Elsa Soyars is bringing a European approach to home décor on the East End. Having grown up in Portugal, “I’m used to seeing castles,” the interior designer says with a slight accent from her native tongue. “I go through a creative process,” she continues. “I get inspired by many different things.”
Her continued travels across the pond, to places like France and Italy, and around the United States to California, provide inspiration on colors, textures and cultures. “I would interpret my style as chic, elegant, timeless, sexy at times – not boring,” she explains. “I like to push the envelope.”
That being said, like many in her trade, her clients’ visions for their spaces take priority, with Soyars there to encourage and help, and sometimes veto unwise decisions. Her opinions are welcomed, she says, since in the end, customers are paying to hear them. “I love when people have some things that we can work with, something that has sentimental value,” Soyars notes. “I want my client’s imprint in a home, but sometimes it’s not good and I’m going to be honest.”
In addition to residential clients, Soyars is also deeply involved in the new-build scene. She works with developers on spec homes, by collaborating with architects at the start of projects and staying on board all the way to staging houses for showings to potential buyers. Staging, she says, is a science in itself, and can help even the most unsightly property look attractive on the market. She even keeps a storage unit of art, furniture and other décor in a secret location to draw from if builders want to rent pieces from her or if she needs furnishings to work with. “You can do wonders with staging,” she says. “It’s an illusion – it creates a story.”
A key element to her aesthetic is keeping rooms neat and orderly. Trinket-hoarding is something she’s noticed more in American households, but messiness can cause stress and confusion, and can be bad for your overall health, Soyars says. In fact, straightening up her childhood farmhouse was her hobby as a child, she recalls, and was her first foray into interior design. Rather than playing with dolls and games, she remembers rearranging furniture and cleaning off surfaces. “Housekeeping is a huge thing in design,” she says. “It’s all about well-being and not living in clutter. It’s about living your best life.”
Because artists do need an outlet for their full creative expression, Soyars participated in this summer’s Holiday Showhouse in Water Mill, which ran from June 23 to August 4. The event is held nearly every year to raise money for the Breast Cancer Research Foundation. It features roughly 20 designers, each of whom presents in a different section of a home. This year’s was located in a 12,527-square-foot spec house in Water Mill, currently listed with Dawn and Frank Bodenchak of Sotheby’s International Realty for $10,995,000.
Together with Manhattan-based luxury furniture company Cliff Young, Soyars took on its master suite. “It’s really the most incredible room because it’s all my favorite things and this was all about me,” she says.
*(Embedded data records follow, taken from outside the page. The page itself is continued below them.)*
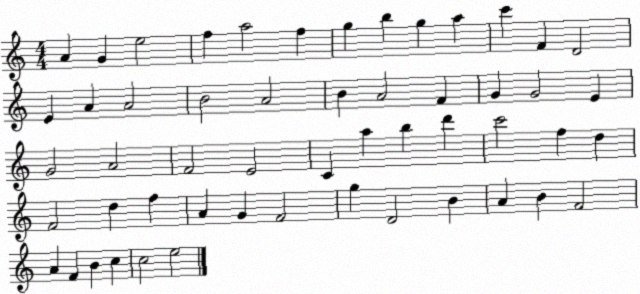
X:1
T:Untitled
M:4/4
L:1/4
K:C
A G e2 f a2 f g b g a c' F D2 E A A2 B2 A2 B A2 F G G2 E G2 A2 F2 E2 C a b d' c'2 f d F2 d f A G F2 g D2 B A B F2 A F B c c2 e2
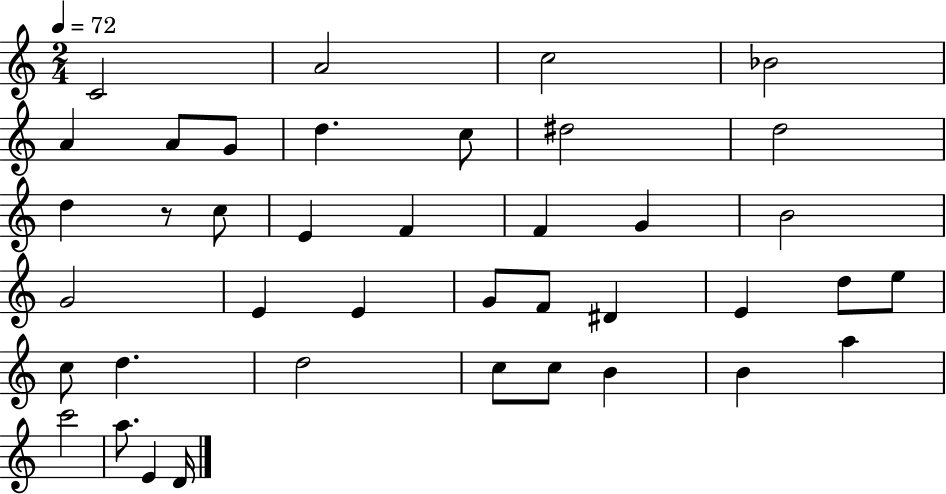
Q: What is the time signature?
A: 2/4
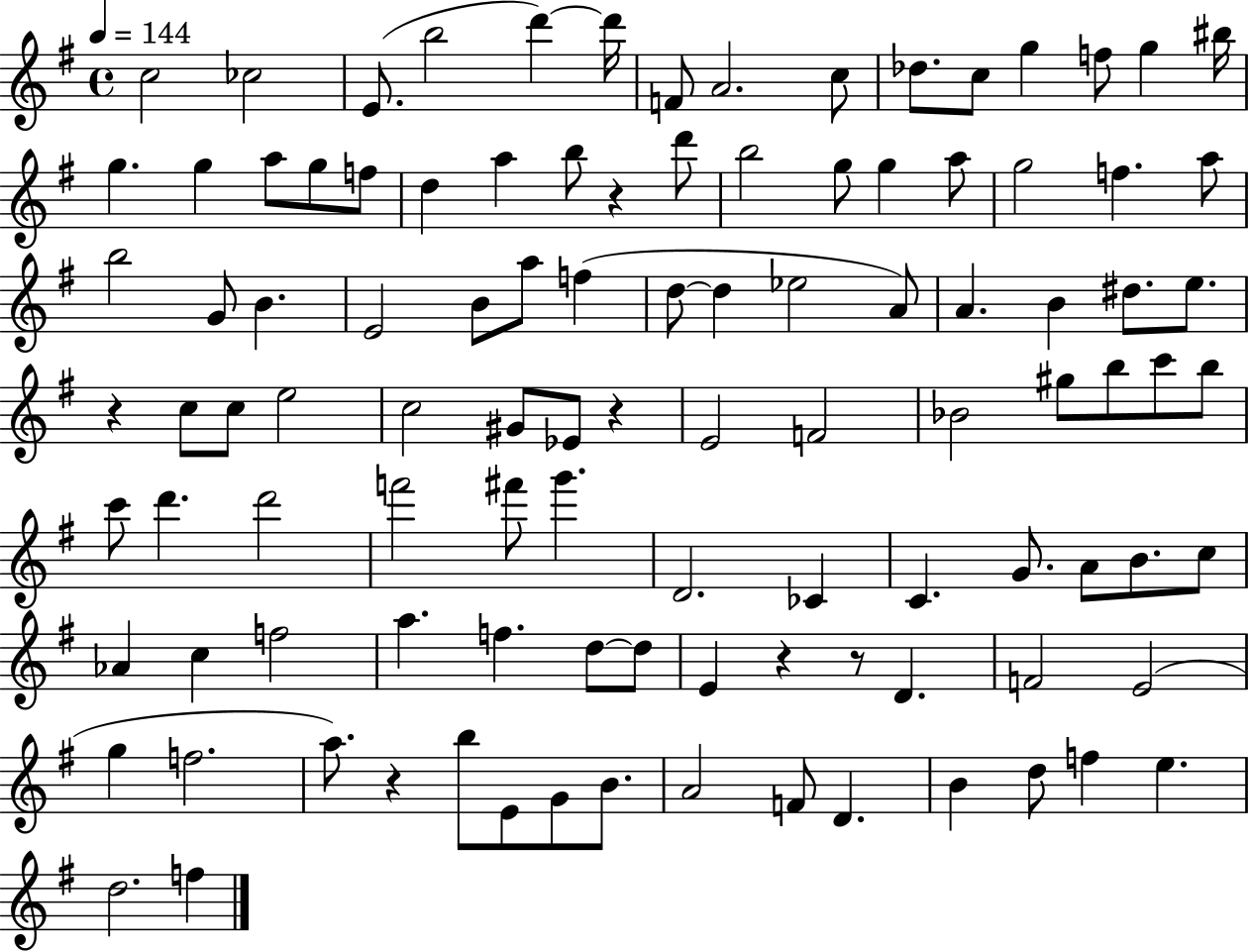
X:1
T:Untitled
M:4/4
L:1/4
K:G
c2 _c2 E/2 b2 d' d'/4 F/2 A2 c/2 _d/2 c/2 g f/2 g ^b/4 g g a/2 g/2 f/2 d a b/2 z d'/2 b2 g/2 g a/2 g2 f a/2 b2 G/2 B E2 B/2 a/2 f d/2 d _e2 A/2 A B ^d/2 e/2 z c/2 c/2 e2 c2 ^G/2 _E/2 z E2 F2 _B2 ^g/2 b/2 c'/2 b/2 c'/2 d' d'2 f'2 ^f'/2 g' D2 _C C G/2 A/2 B/2 c/2 _A c f2 a f d/2 d/2 E z z/2 D F2 E2 g f2 a/2 z b/2 E/2 G/2 B/2 A2 F/2 D B d/2 f e d2 f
And though showhouse events do help designers find new clients, Soyars’ main attraction to them is the opportunity to help bring awareness to a cause. “It’s important that in life that we give back without expectation,” she says.
Soyars chose a nomadic and tribal theme for her space in the showhouse, furnishing it with her personal artwork collection, including a massive photo of a woman in Africa, and a wallpaper made of burlap and formica. On a recent trip to North Carolina, the designer came across a line of lamp sconces made out of linen that resembles horsehair, so she brought in a few of those too. “We wanted to create a room that was sophisticated but still approachable,” she explains. “A few of the pieces are from Italy, so we wanted to make sure it’s not super modern. We wanted it to be beachy.”